Rabu, 23 Januari 2013

Inspiring, lalu...


Saat itu, semua anggota tim berkumpul di aula. Hampir semua yang bicara, menyiratkan keraguan. Mereka tidak yakin bahwa mereka bisa melakukan apa yang sudah diputuskan oleh kantor pusat. Bos di unit itu terus berusaha meyakinkan bahwa mereka bisa. Memang, Bos ini merupakan tipikal orang yang tak pernah mengatakan tidak bisa. Ia selalu mengatakan “ya” apapun tantangan yang harus ia hadapi.

Akhirnya saya melambaikan tangan untuk meminta izin bicara. Saya tak ingin tim berlarut-larut dalam ketidakpercayaan diri. Saya bercerita. Cerita yang dulu pernah disampaikan dosen saya dalam sebuah training, yang bagi saya sangat menginspirasi.
Ada anak unta bertanya pada bapaknya yang tentu juga unta.
“Ayah, Ayah, kenapa sih kita punya punuk?”
“Punuk ini adalah tempat cadangan air kita, jadi kalau kita berjalan jauh di padang pasir, kita tidak akan mudah kehausan.”
“Ayah, Ayah, kenapa sih kaki kita panjang-panjang?”
“Oh, itu agar kita tidak mudah terperosok di pasir ketika menjelajahi gurun berhari-hari”
“Ayah, ayah, kenapa sih kelopak mata kita lebar sekali?”
“Kau tahu, Nak? Di gurun seringkali terjadi badai pasir, kelopak seperti ini sangat membantu agar mata kita menutup rapat sehingga tidak mudah kemasukan debu atau pasir.”
“Tetapi, Ayah, kenapa kita tinggal di kebun binatang?”

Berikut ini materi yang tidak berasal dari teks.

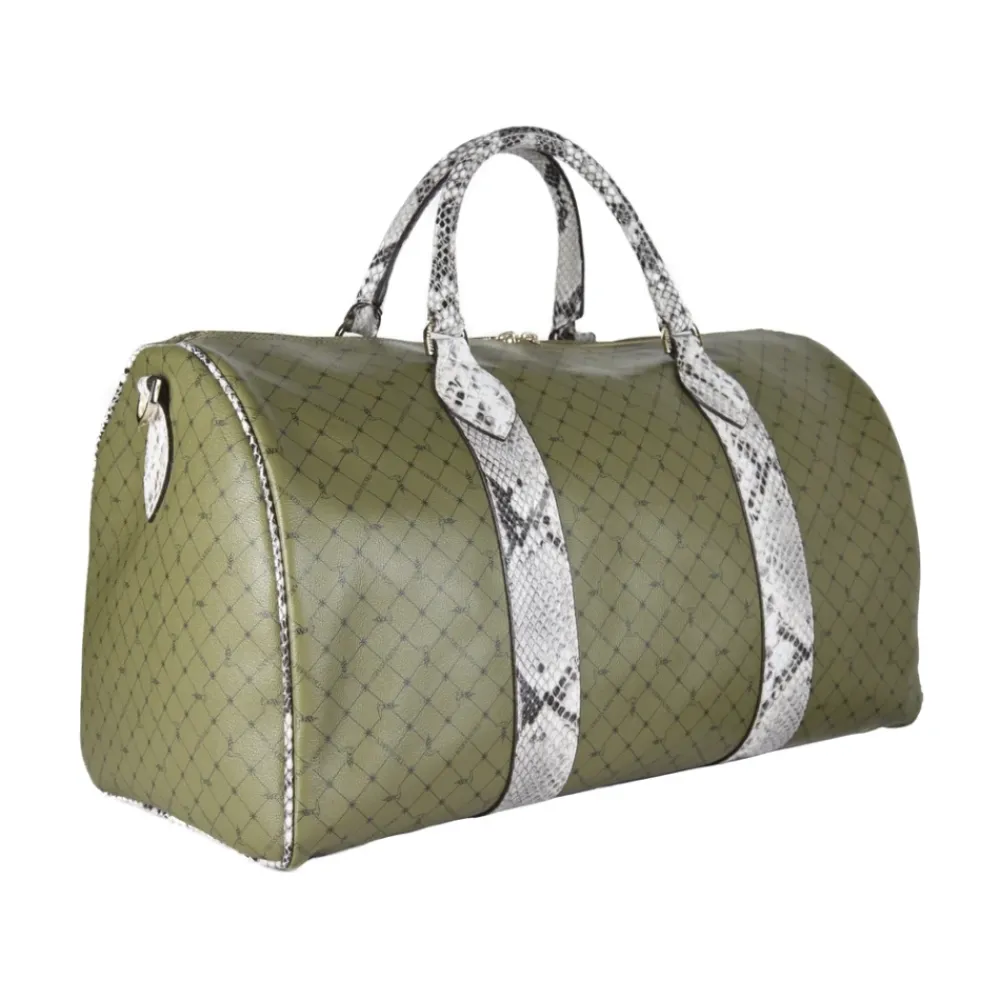 DAMES Trussardi Olijfe Handtas in Gehamerd Kalfsleer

Tampaknya tim cukup paham dengan cerita yang saya sampaikan. Pak Bos menegakkan kepalanya, matanya terlihat bersemangat. Ia pun menegaskan pada tim bahwa segala sumber daya, system, dan teknologi yang dibutuhkan sudah tersedia. Dengan bekal itu semua, tidaklah patut meragukan diri untuk melangkah pada situasi baru, karena bekal yang sudah ada itu memang disediakan untuk menghadapi tantangan yang dihadapi tim saat itu.

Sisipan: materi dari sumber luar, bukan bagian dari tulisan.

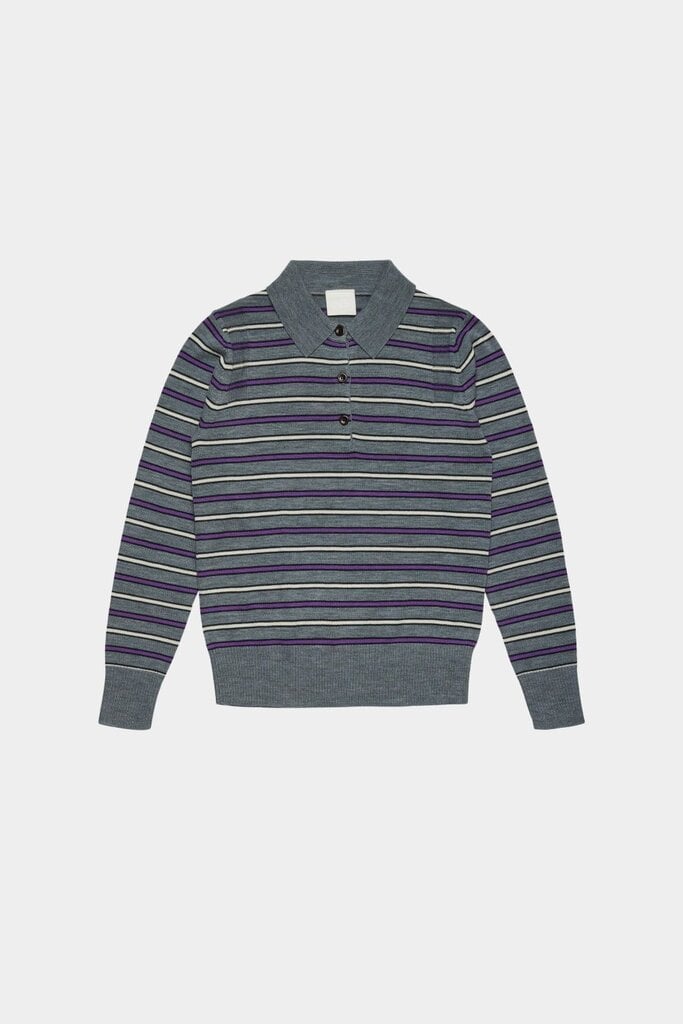 FUB Polo Longsleeve - Steel Melange/Violet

Suasana tim kembali bergairah. Agenda demi agenda dapat dilalui dengan tanpa pesimisme. Saya menikmati suasana itu hingga suatu ketika saya cukup terperanjat.

Beberapa pecan kemudian, seorang rekan mengatakan pada saya bahwa ia masih ingat dengan cerita unta yang saya kisahkan. Tentu saya senang ketika ia mengakui bahwa cerita itu menginspirasi baginya. Rasa senang itu seketika berubah, saat dia mengatakan bahwa ia sedang menyiapkan berkas lamaran ke perusahaan lain.